FONDEN: Mexico’s Natural Disaster Fund – A Review
FONDEN, Mexico’s Fund for Natural Disasters, was established in the late 1990s as a mechanism to support the rapid rehabilitation of federal and state infrastructure affected by adverse natural events. FONDEN was first created as a budget line in the Federal Expenditure Budget of 1996, and became operational in 1999. Funds from FONDEN could be used for the rehabilitation and reconstruction of (i) public infrastructure at the three levels of government (federal, state, and municipal); (ii) low-incoming housing; and (iii) certain components of the natural environment (e.g., forestry, protected natural areas, rivers, and lagoons).
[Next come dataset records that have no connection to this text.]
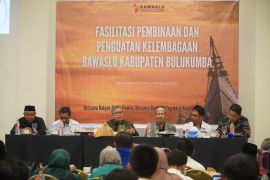 Bawaslu Sulsel tekankan penguatan kelembangaan usai Pemilu serentak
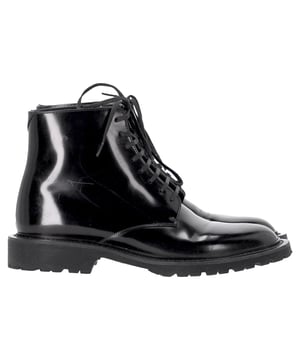 VINTAGE, NEUPREIS WIE NEU  
Die Saint Laurent Schnür-Militär-Stiefeletten aus schwarzem Leder sind die perfekte Mischung aus robustem Charme und Luxus. Aus hochwertigem schwarzem Leder gefertigt, verfügen diese Stiefel über ein Schnürdesign mit militärinspirierten Details, die sowohl Kante als auch Raffinesse verleihen. Die robuste, klobige Sohle bietet Komfort und Langlebigkeit, während die schlichte Silhouette sicherstellt, dass sie mühelos zu jedem Outfit passen. Egal, ob Sie für einen lässigen Tag oder einen Abend in der Stadt unterwegs sind, diese Stiefel setzen mit jedem Schritt ein markantes Statement.

Styling-Tipp: Kombinieren Sie diese Stiefel mit einem Minirock und einem oversized Pullover für eine ausgewogene Mischung aus Weiblichkeit und Kante oder tragen Sie sie mit Skinny-Jeans und einer Lederjacke für ein ganz schwarzes Ensemble mit Rocker-Vibe. Das vielseitige Design ermöglicht es Ihnen, sie sowohl schick als auch lässig zu stylen, was sie zu einem unverzichtbaren Bestandteil jeder Garderobe macht.

Saint Laurent Schnür-Militär-Stiefeletten aus schwarzem Leder  
Zustand: Sehr gut  
Abnutzungserscheinungen: Keine sichtbaren Abnutzungserscheinungen. Keine Markierung an der Innensohle. Leicht gebraucht, aber sehr gut gepflegt. Geringe Abnutzung an den Sohlen und Faltenbildung, leichte Abschürfungen an den Sohlen und Fersen.  
Verpackung: Keine  
Farbe: Schwarz  
Material: Leder | Leder  
Größe: EU | 39  
Maße: Absatzhöhe: 20; Innensohlenlänge: 250  
SKU: NAPPUITSH461574W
FONDEN consists of two complementary budget accounts, the FONDEN Program for Reconstruction and FOPREDEN Program for Prevention, and their respective financial accounts. The original, and still the primary, FONDEN Program is the FONDEN Program for reconstruction. In the early 2000s, however, in recognition of the need to promote stronger ex ante disaster risk management, the Government of Mexico began to allocate funding specifically for preventive activities. Although resources for prevention remain significantly less than those for reconstruction, the Mexican Government continues its effort to shift focus and funding from ex post response to ex ante disaster risk management. Fiduciary responsibility for the financial accounts lies with BANOBRAS, Mexico’s state-owned development bank.